Hazards in Pipelining CPU
Pipelining in processors allows you to save a lot of time but also introduces a lot of hazards in them
Hazards in pipelining CPU
Hazards are stalls that happen because of various reasons in the CPU. They're broadly of three kinds:
Structural Hazards
Take the unified L1 cache.
| clock cycle 1 | clock cycle 2 | clock cycle 3 | clock cycle 4 | clock cycle 5 |
|---|---|---|---|---|
| IF1 | ID1 | EX1 | DA1 | WB1 |
| IF2 | ID2 | EX2 | DA2 | |
| IF3 | ID3 | EX3 | ||
| IF4 | ID4 | |||
| X |
The X denotes that IF5 cannot happen because DA2 and DA3 are already occupying the bus. Hence Split L1 Cache == better.
Data Hazards
| instruction | cycle 1 | cycle 2 | cycle 3 | cycle 4 | cycle 5 |
|---|---|---|---|---|---|
| add t2, t0, t1 | IF1 | ID1 | EX1 | DA1 | WB1 |
| add t4, t2, t1 | IF2 | X | X | ID2 |
Stalls occur because of dependencies in data.
Other examples:
- Write after read: when a later write writes before an earlier read.
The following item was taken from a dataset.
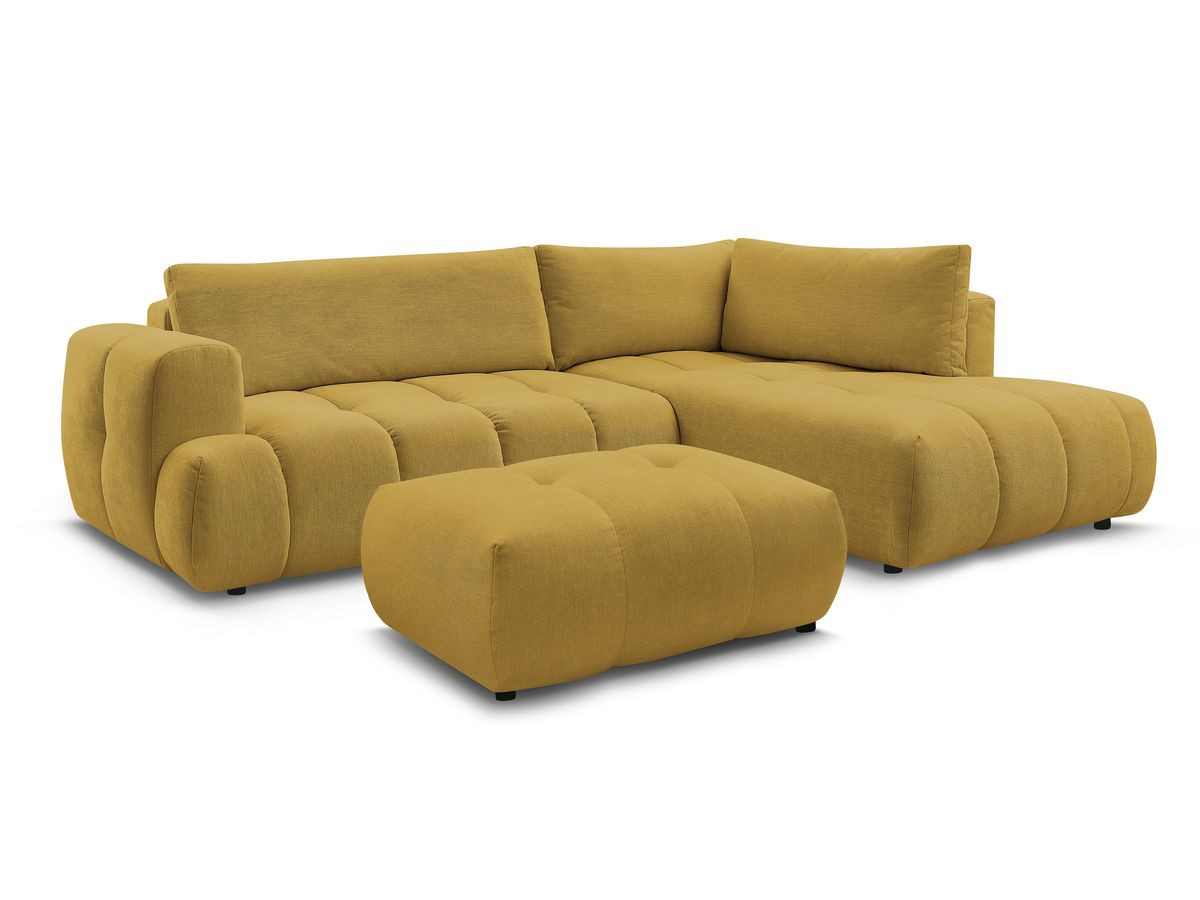 Bobochic Fuji Ecksofa mit Schlaffunktion und Bettkasten und Pouf 282 × 204 cm Stoff Gelb Ecke rechts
- Write after write: when a later write writes before an earlier write.
- Read after write: when it reads the earlier value instead of the later one.
Mitigations include:
- instruction reordering: has to be done by the compiler but can also be done by the processor although it complicates hardware.
- Operand forwarding: once data is in buffers forward the data from the buffers to the next instructions before writing to the registers.
Control Hazards
Branch instructions: Branch condition outcomes are only known at execution time.
Simple solution: Stall until execution time.
Slightly better but complicated solution: Move the check to decode stage. Eg. XOR for equality.
This removes the stall in case the branch was not taken but if it was taken then the buffer has to be flushed and the later instruction fetched.
This can be accomplished using simple counter structures known as branch predictors.